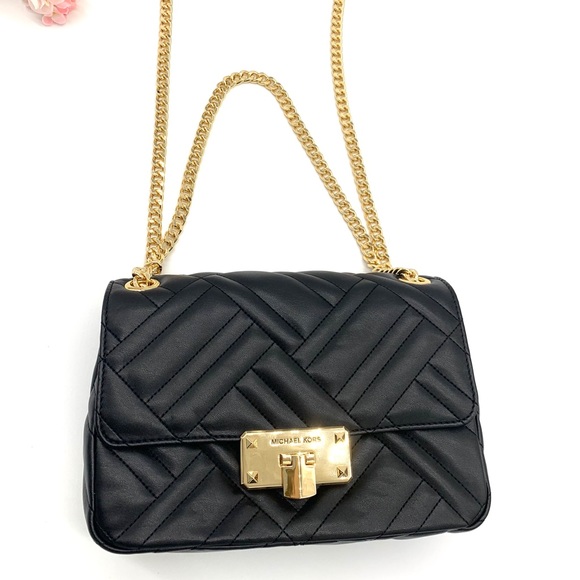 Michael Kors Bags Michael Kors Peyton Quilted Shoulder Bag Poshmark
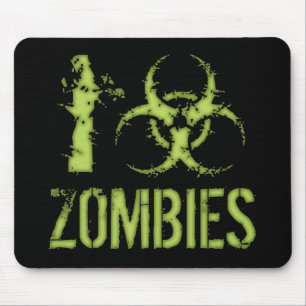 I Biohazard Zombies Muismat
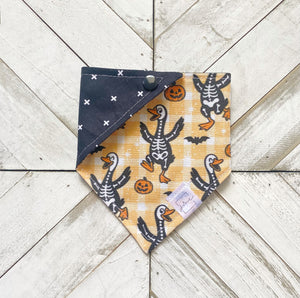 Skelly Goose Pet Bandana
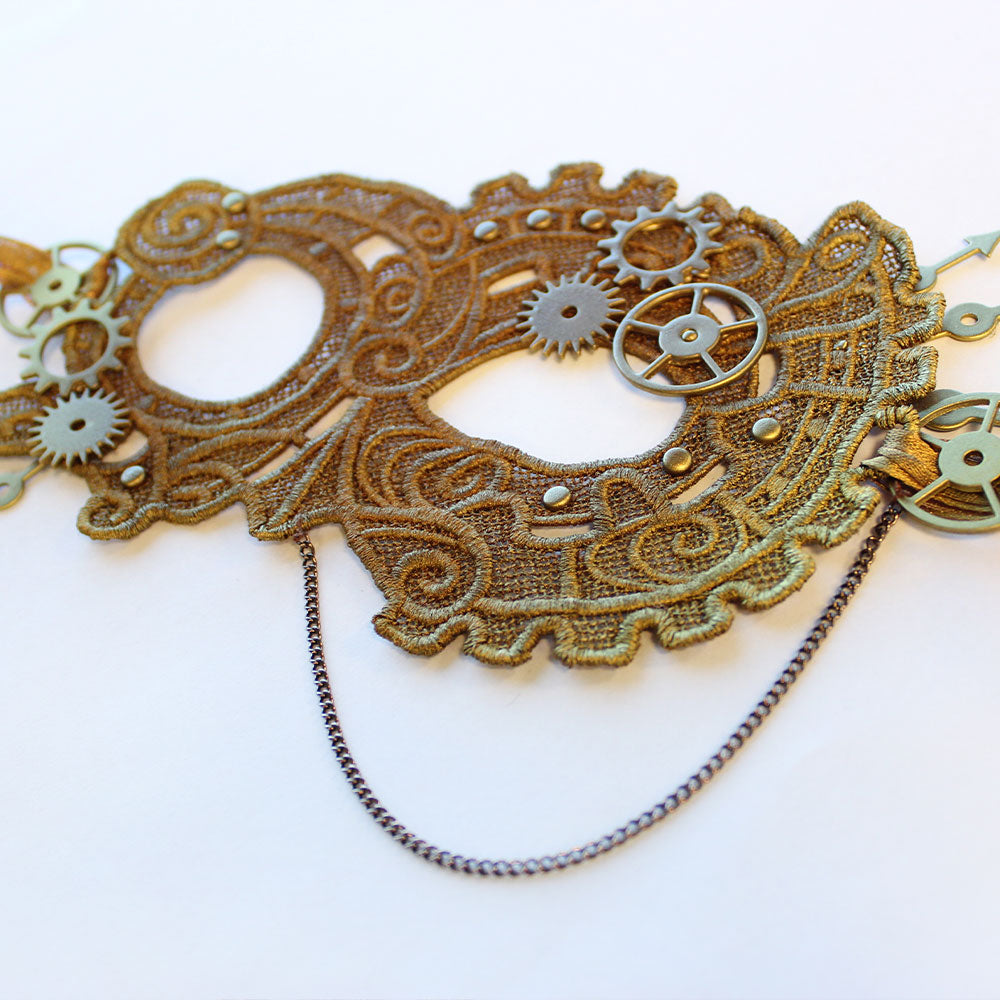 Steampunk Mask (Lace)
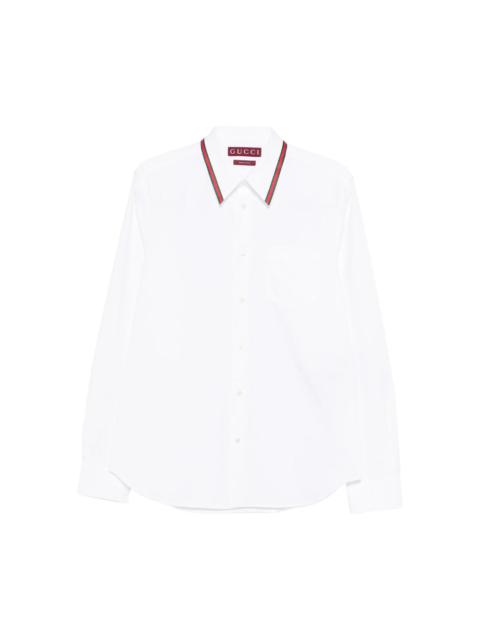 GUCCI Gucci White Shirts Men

====

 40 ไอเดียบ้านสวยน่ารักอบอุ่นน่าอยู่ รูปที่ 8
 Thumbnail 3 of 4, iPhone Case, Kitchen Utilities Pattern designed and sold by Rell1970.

====

• [Aim of the task] Among the lines above, the one with "I Biohazard Zombies Muismat" opens the part to repeat and the one with "GUCCI Gucci White Shirts Men" closes it; repeat only that part exactly, with no pictures.

• [The answer]
 I Biohazard Zombies Muismat
 Skelly Goose Pet Bandana
 Steampunk Mask (Lace)
 GUCCI Gucci White Shirts Men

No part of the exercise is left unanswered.